• [Description of the task] From the line with "Cordless Handheld Pressure" to the line with "Maibaumstellen Foto Maenner", output every line below exactly, both ends included. Skip the pictures.

Records shown START

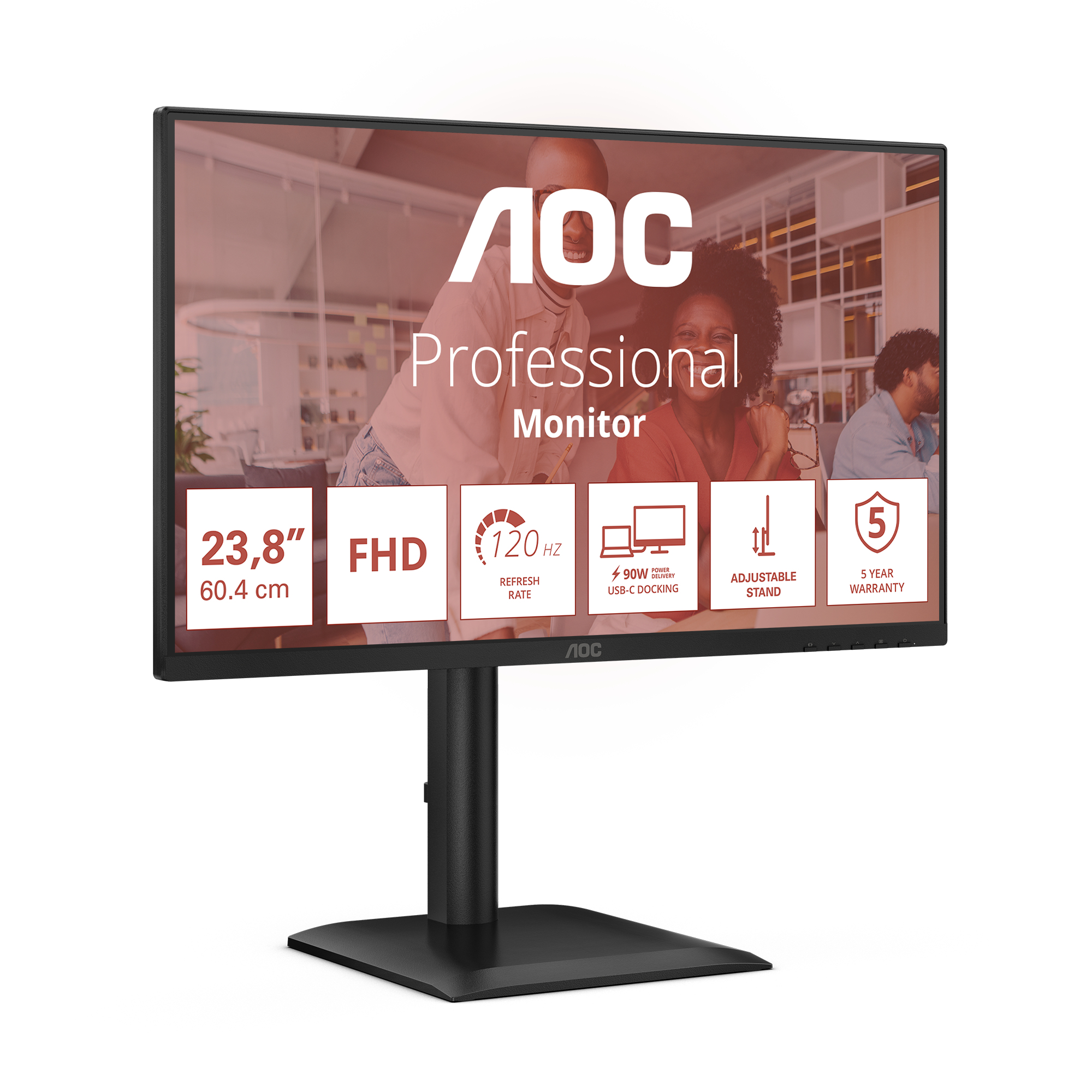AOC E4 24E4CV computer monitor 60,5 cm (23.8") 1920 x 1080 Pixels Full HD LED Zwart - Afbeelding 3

Records shown END
Records shown START

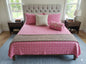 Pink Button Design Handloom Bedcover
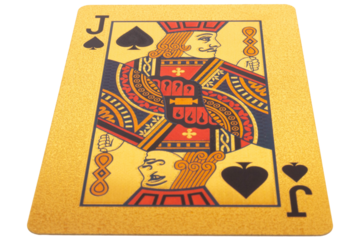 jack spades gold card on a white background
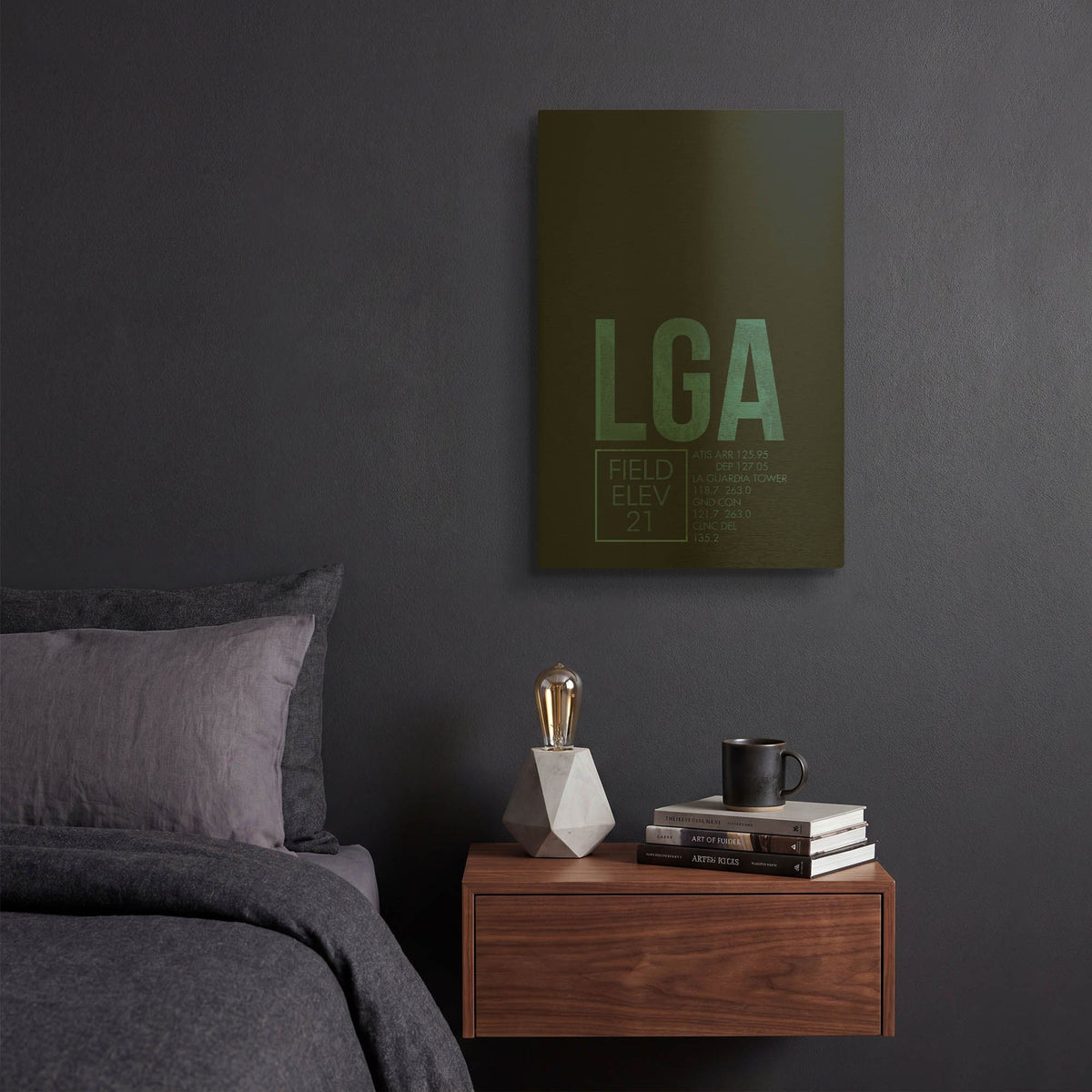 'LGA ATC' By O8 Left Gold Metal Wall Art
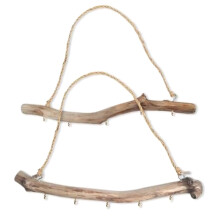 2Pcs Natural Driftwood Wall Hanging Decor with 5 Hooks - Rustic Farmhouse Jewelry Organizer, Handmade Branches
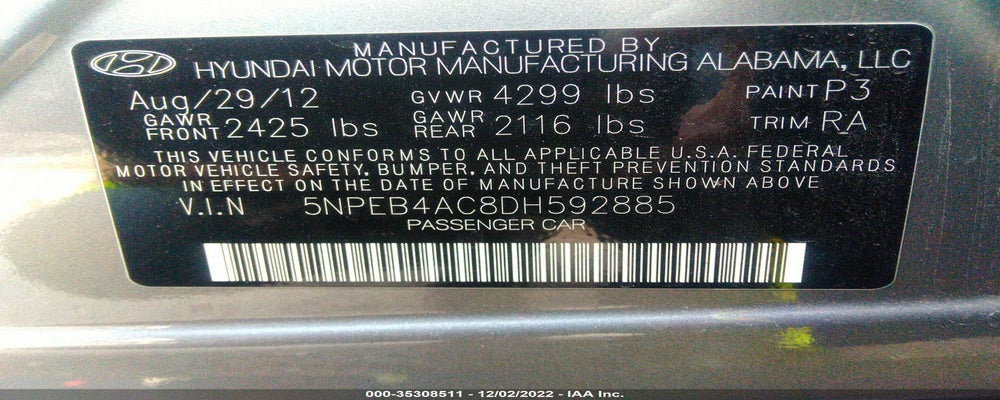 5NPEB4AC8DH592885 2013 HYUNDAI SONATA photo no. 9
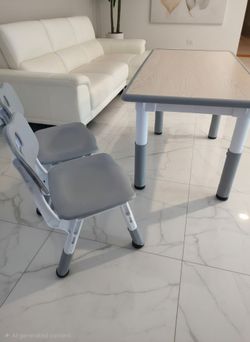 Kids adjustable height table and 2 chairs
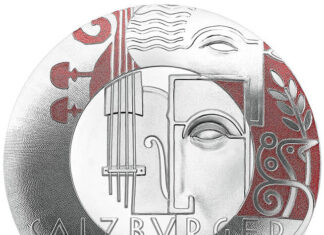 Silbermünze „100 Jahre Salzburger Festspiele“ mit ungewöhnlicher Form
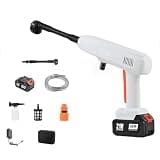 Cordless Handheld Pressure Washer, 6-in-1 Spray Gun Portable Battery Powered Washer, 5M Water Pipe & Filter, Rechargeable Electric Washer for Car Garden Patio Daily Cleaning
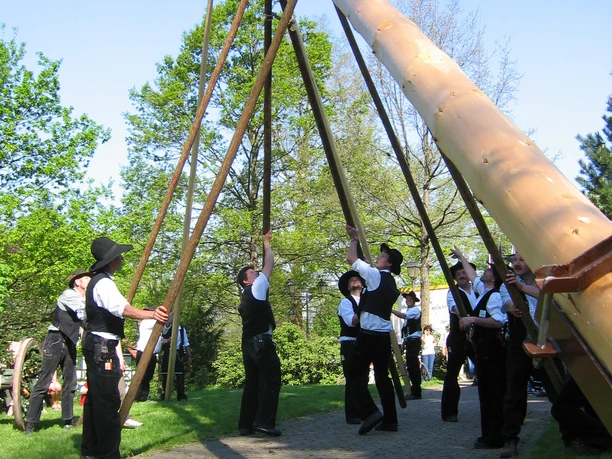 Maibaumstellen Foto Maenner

Records shown END

• [Answer below]
 Cordless Handheld Pressure Washer, 6-in-1 Spray Gun Portable Battery Powered Washer, 5M Water Pipe & Filter, Rechargeable Electric Washer for Car Garden Patio Daily Cleaning
 Maibaumstellen Foto Maenner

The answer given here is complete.